@glchen: I've had to deal with the same problems before. I don't know if there is a hardware solution others more experienced than me can recommend but I've used static routes in windows XP, Vista and 7 with good success in the past. It may be that your company have controls in place to block this (normally a quarantine process running on your machine as part of the VPN connection). As a general rule though corporate network admins get a bit shirty

about trying to bypass their split-tunnelling restrictions.
However, it costs nothing to give it a go. Here's how in Windows XP or higher:
1. Make sure the VPN is NOT connected
2. Open a command prompt (hit start; type cmd in the run or search box)
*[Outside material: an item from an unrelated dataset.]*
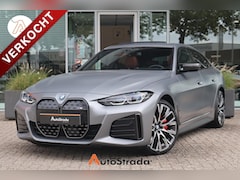 BMW i4 - (g26) M50 High Executive M-Sport 544pk SoH 94% I Individual Frozen Pure Grey I Pano I 360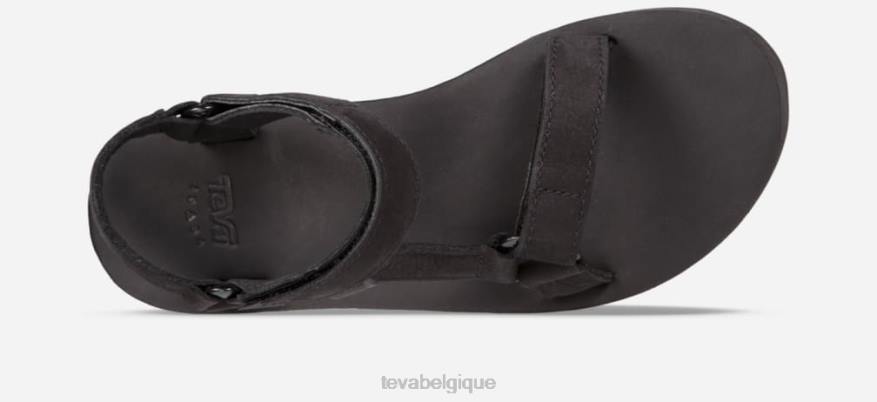Teva mi-forme universelle en cuir pour femme 4D2N78noir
3. You'll need to know the IP address of your router gateway and your NAS box and your subnet mask - let me know if you don't know how to get this...
4. type the following: route ADD your_NAS_ip_address MASK your_network_mask your_gateway_ip_address -p
This will add a static route which will be persistent (it'll survive reboots). Give it a try and see if it works for you. Here's an example:
NAS IP: 192.168.1.99
Gateway IP: 192.168.1.254
Subnetmask: 255.255.255.0
*Tip: you can get your gateway and subnet mask by typing IPCONFIG /all and seeing what your current connection is using - it'll be the same if you're using a simple home network like me.
route ADD 192.168.1.99 MASK 255.255.255.0 192.168.1.254 -p
If this doesn't work you could always try asking your company network admins if they permit split-tunnelling on certain subnets. For example, some allow this is you use a DHCP pool within the company range (e.g. I use 16.x.x.x as my company owns this range thus net admins are happy to allow split-tunnelling on that sub-net when connected to the VPN).
Hope this helps and I'm sure others can correct any mistakes or provide other solutions - I'm by no means an expert!